Short web captions
****

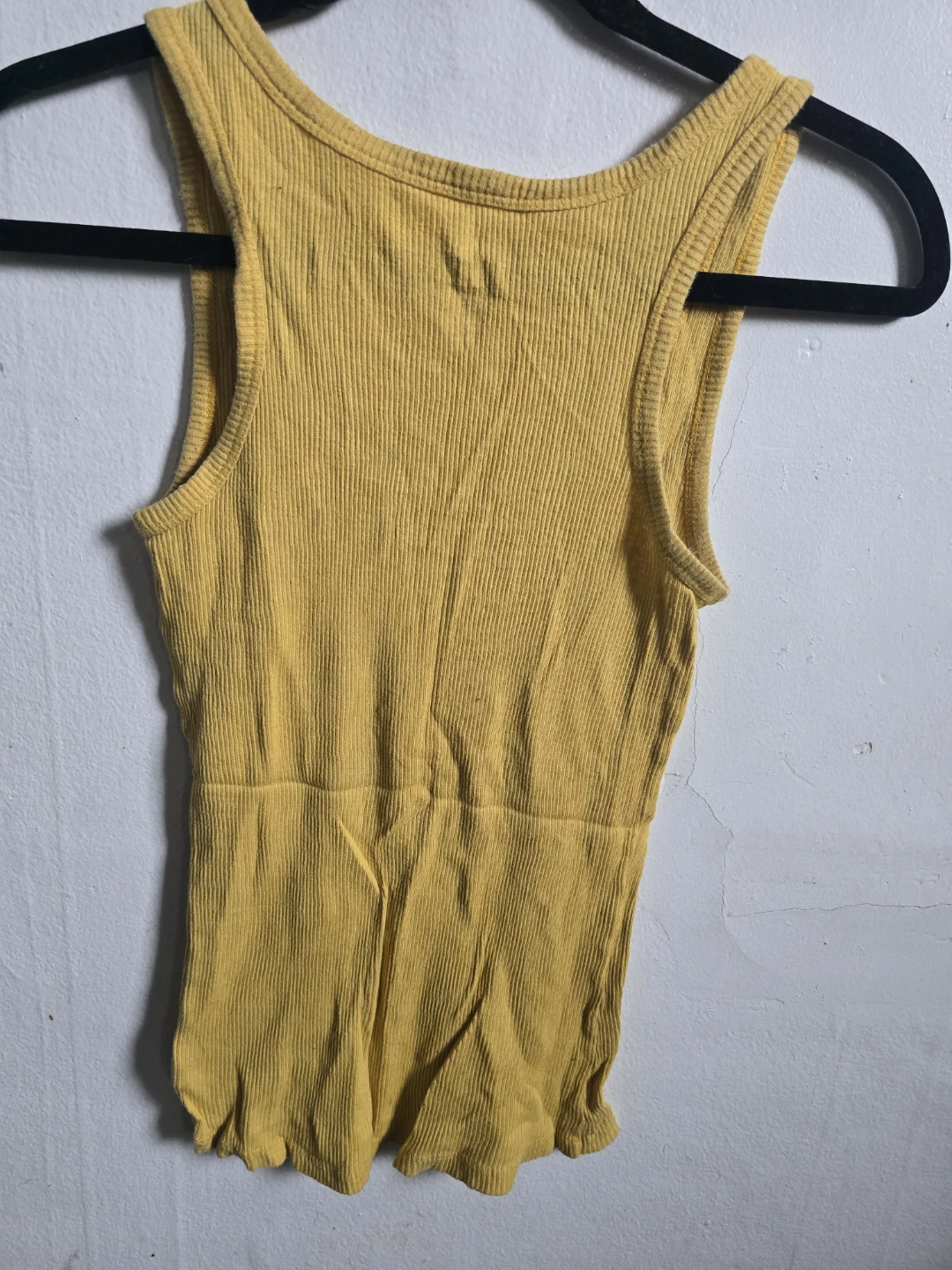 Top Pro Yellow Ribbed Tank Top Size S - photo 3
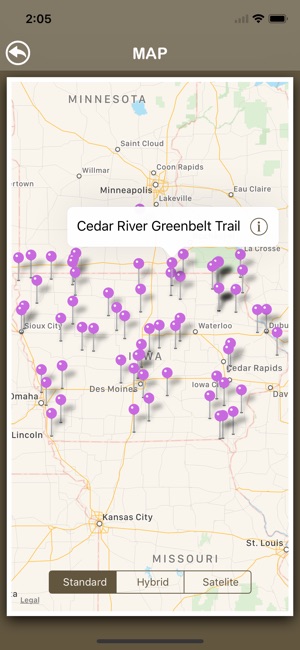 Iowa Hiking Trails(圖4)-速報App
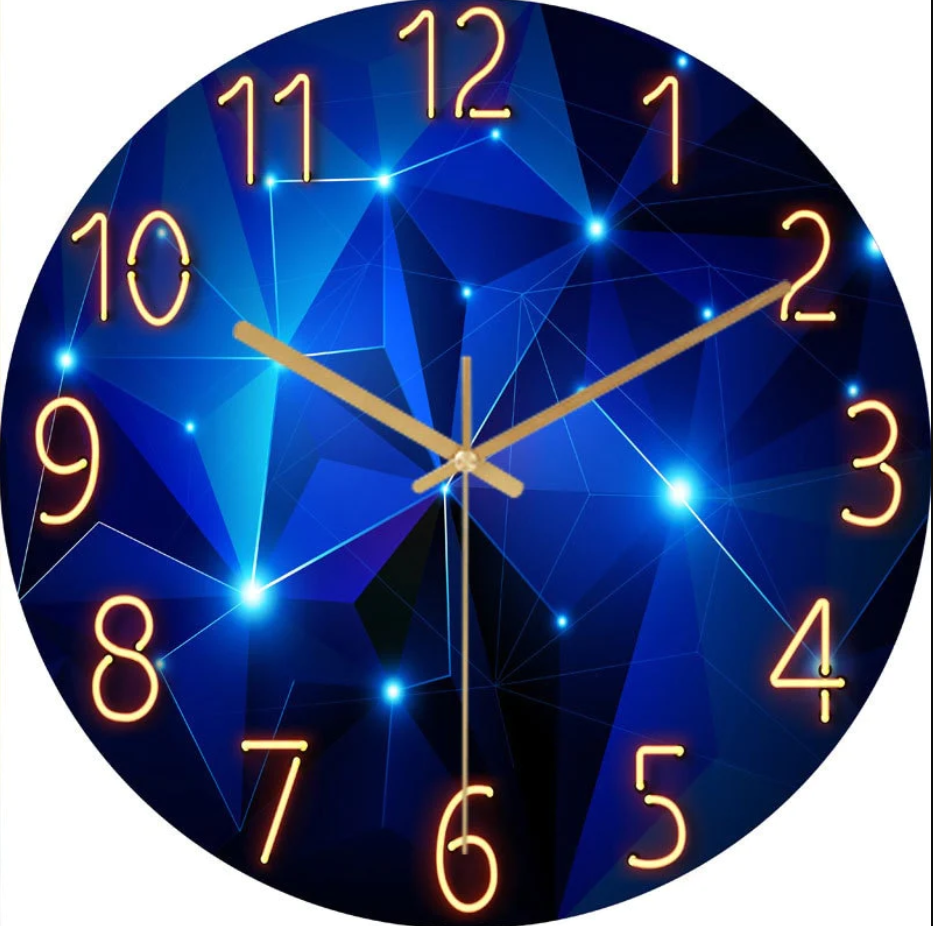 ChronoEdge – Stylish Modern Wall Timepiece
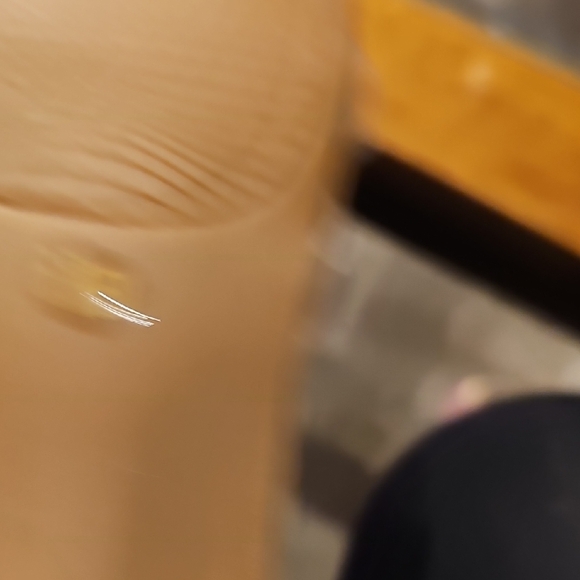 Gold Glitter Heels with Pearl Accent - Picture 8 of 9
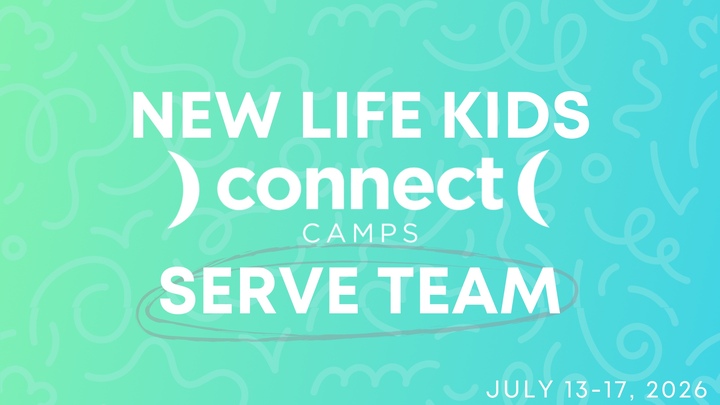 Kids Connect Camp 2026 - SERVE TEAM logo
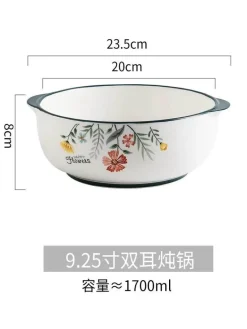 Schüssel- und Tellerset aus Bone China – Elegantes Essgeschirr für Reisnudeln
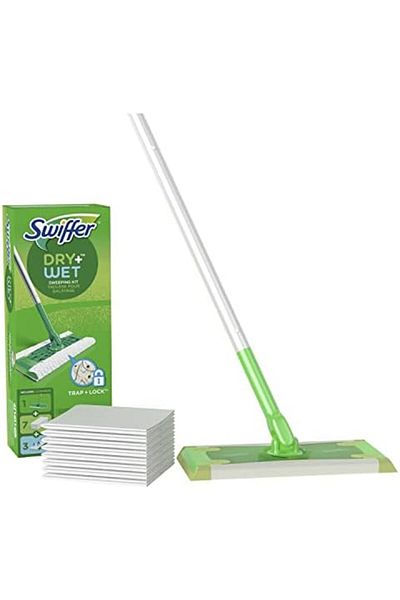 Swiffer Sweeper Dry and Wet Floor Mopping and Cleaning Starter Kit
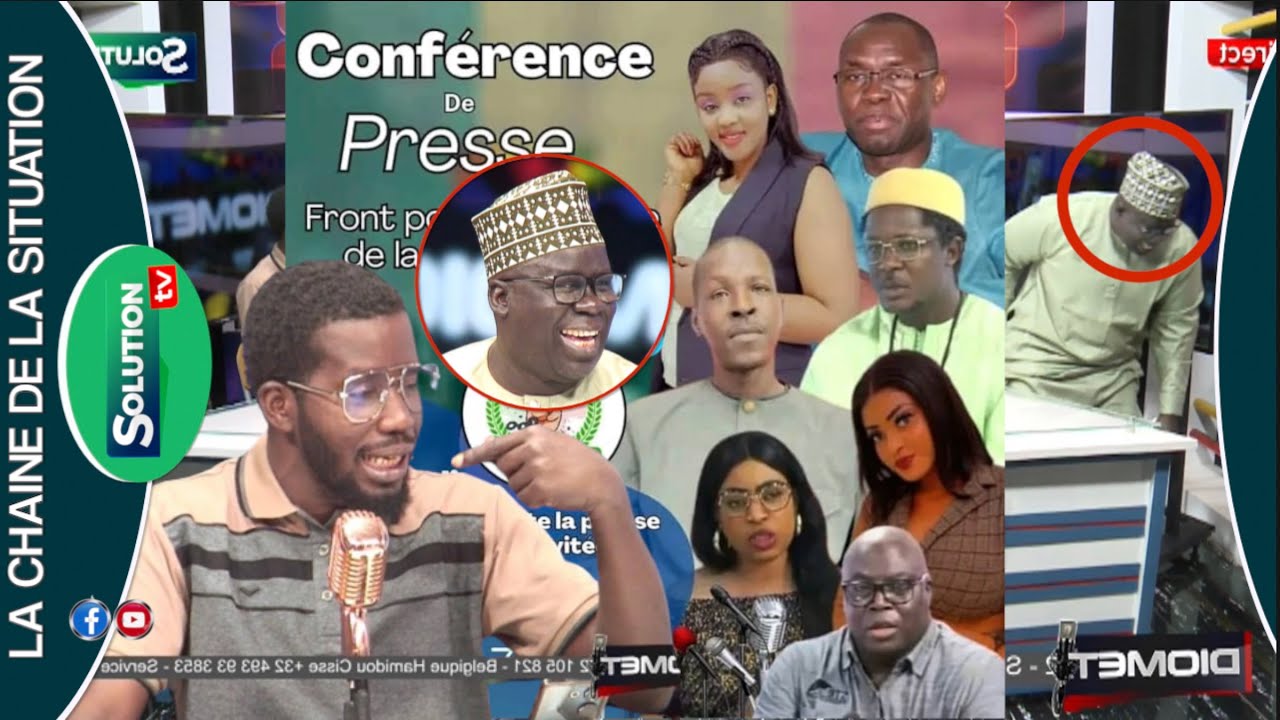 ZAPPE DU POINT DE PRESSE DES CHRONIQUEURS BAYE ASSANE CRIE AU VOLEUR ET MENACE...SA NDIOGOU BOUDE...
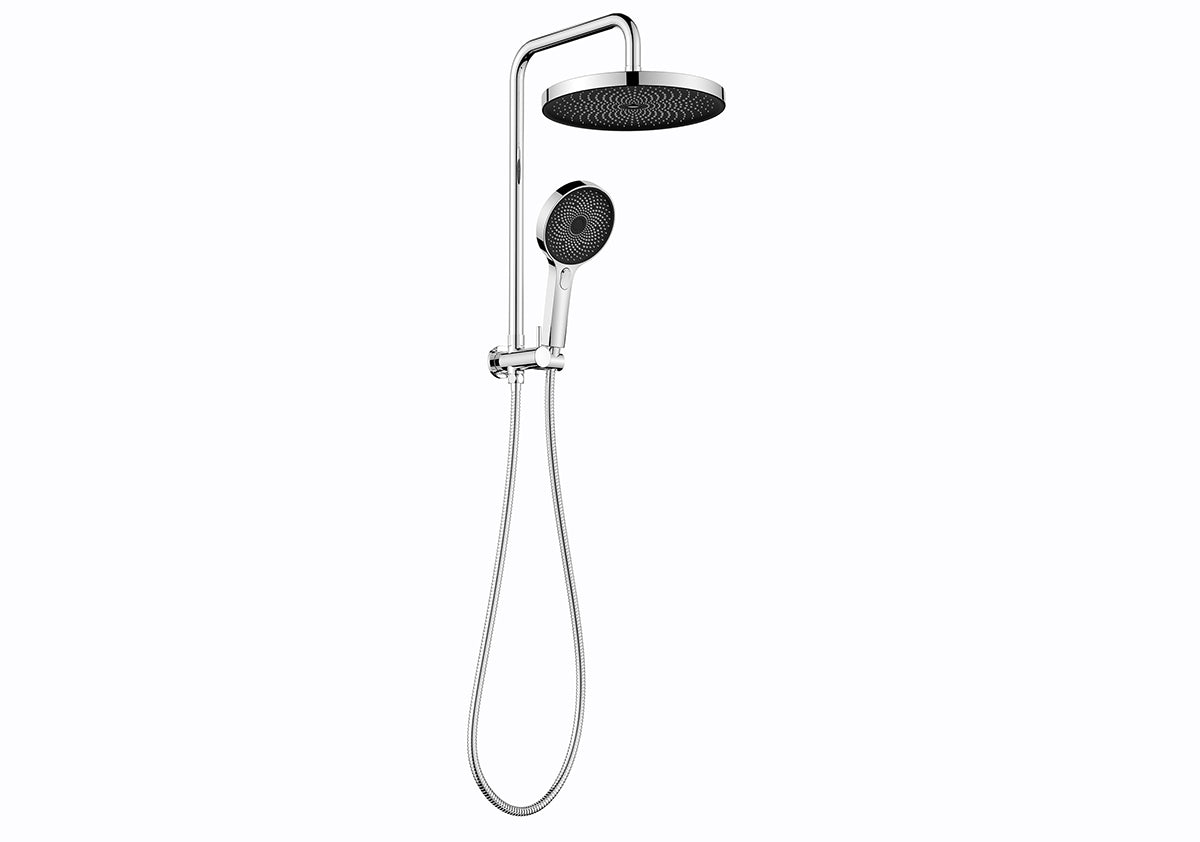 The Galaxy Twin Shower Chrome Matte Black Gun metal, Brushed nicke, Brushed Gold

****

EXERCISE AIM
The answer must be the lines from the first one in the records through the line containing "Schüssel- und Tellerset", copied exactly, with no pictures.

RESPONSE FOR THIS EXERCISE
 Top Pro Yellow Ribbed Tank Top Size S - photo 3
 Iowa Hiking Trails(圖4)-速報App
 ChronoEdge – Stylish Modern Wall Timepiece
 Gold Glitter Heels with Pearl Accent - Picture 8 of 9
 Kids Connect Camp 2026 - SERVE TEAM logo
 Schüssel- und Tellerset aus Bone China – Elegantes Essgeschirr für Reisnudeln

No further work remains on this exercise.